The Hidden Benefits of Self-Awareness in Leadership and Teamwork
Self-awareness in leadership is a critical factor in building strong teams and fostering productivity. Research shows that leaders who understand their own values, emotions, and behaviors inspire their teams to perform at their best, creating an environment of trust and collaboration.
Almost everyone thinks they’re self-aware.
According to research by Tasha Eurich, only 10-15% of people are self-aware from the perspective of knowing yourself, what’s important to you and recognizing how your words and actions impact those around you.
What may surprise you is how much self-awareness in leadership impacts your team.
Alan Mulally who turned around the demise of Ford said “How far the team gets is completely dependent on the leader’s level of self-awareness.”
While there are many definitions of self-awareness, the one I find most practical comes from VeryWellMind.
“Self-awareness is your ability to perceive and understand the things that make you who you are as an individual, including your personality, actions, values, beliefs, emotions, and thoughts.”
Here are (5) examples of why knowing yourself improves your leadership and team performance.
- Teams led by self-aware leaders are more productive than those with less self-aware leaders
- When leaders commit to confronting their flaws while also striving to improve, their team is motivated to do the same.

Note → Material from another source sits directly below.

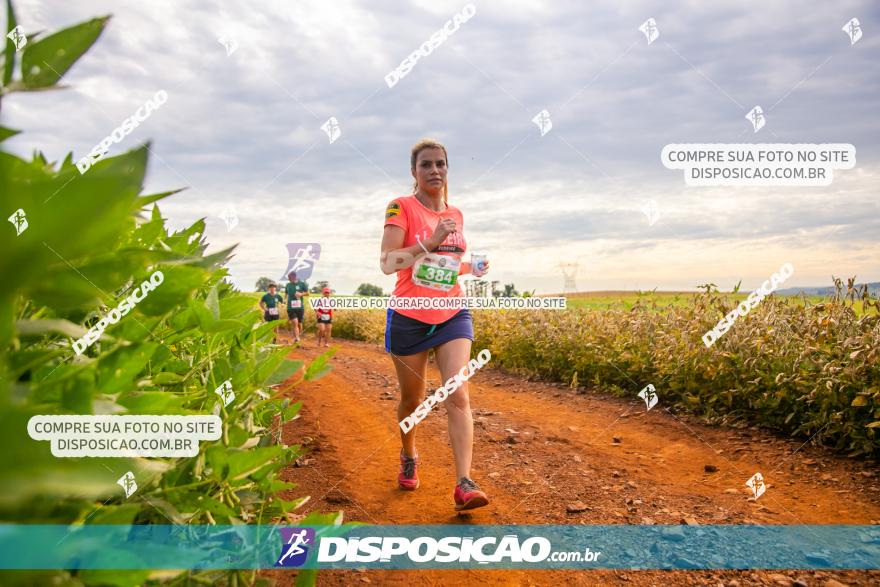 Decathlon Off Road 2020 - 1ª Etapa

- Research in social learning reveals followers tend to imitate the attitudes and behaviors of their leaders.
- Teams that have high psychological safety (the ability to admit mistakes, ask for help etc.) perform better because of their high levels of self-awareness.

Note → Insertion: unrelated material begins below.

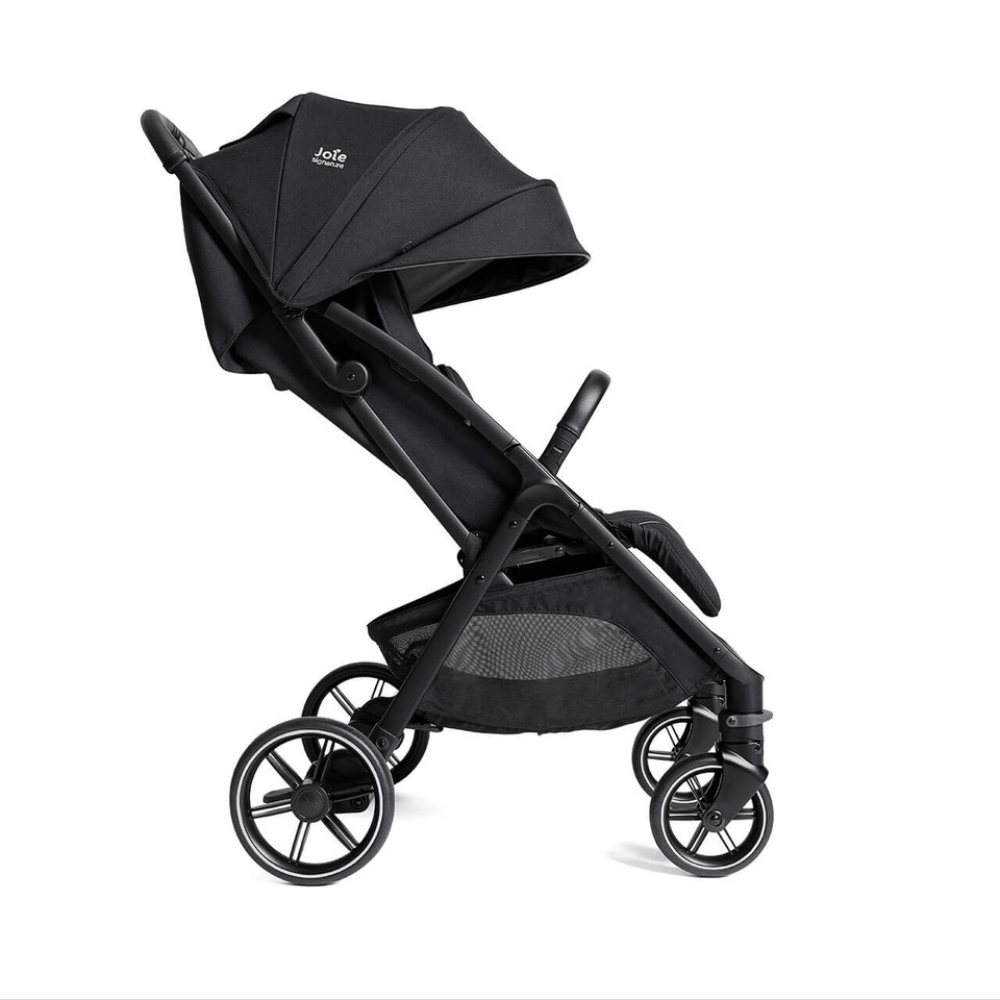 Joie Signature Parcel LX Stroller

- Being on a team with just one unaware person cuts the team’s chances of success in half, and unaware bosses hurt their employee’s job satisfaction, performance, and well-being.

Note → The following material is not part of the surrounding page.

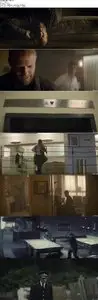Blitz (2011)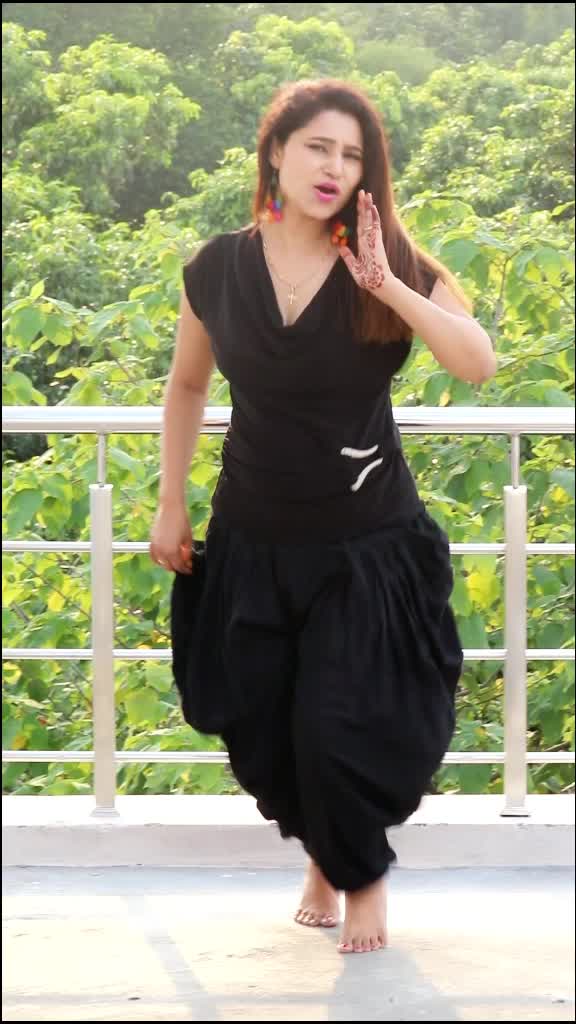 @Anamika Singh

Source: Insight: The Surprising truth about how others see us, how we see ourselves, and why the answers matter more than we think.
Most people feel a sense of shame and embarrassment when they either admit their flaws, shortcomings, or mistakes, or they are pointed out to them.
As we often refer to my blogs, our family upbringing influences us in many ways, including the degree to which it was okay in your family to be vulnerable about flaws, shortcomings, or mistakes without feeling like a failure.
For example, some of my leadership coaching clients have told me in their family growing up, they were expected to get all A’s on their report card. Even if the majority of their report card were high marks, the focus was on the lower marks. The message they received was in order to be acceptable and loved, they had to be perfect.
Other leaders have told me they’re embarrassed to admit mistakes because in their family upbringing it was a sign of weakness. As a result they learned to be self-sufficient and asking for help isn’t an option.
Today these same leaders struggle with delegation and sleepless nights filled with anxiety of how they’ll get everything on their to do list done.
Your action step:
- Reflect on messages you received growing up about admitting mistakes or asking for help?
- What is a different way of looking at those messages? Here are a couple examples:
- Asking for help is sign of strength, not weakness
- Admitting mistakes means I’m human and gives my team permission to admit mistakes instead of covering them up out of fear of how I’ll respond
- It’s okay to acknowledge things I’m not good at, it gives my employees an opportunity to contribute their skills and talents, and shine.
Self-awareness is a gamechanger to your leadership and team’s potential, what will you do today to develop it?
Encouraging your self-awareness,
Bonnie
PS For more help to develop your self-awareness and team performance! Book a strategy call with me and let’s talk about ways to elevate your leadership impact.
About the author
Bonnie Artman Fox, MS, LMFT works with executive leaders who want to gain self-awareness about the impact of their words and actions and up-level their interpersonal skills.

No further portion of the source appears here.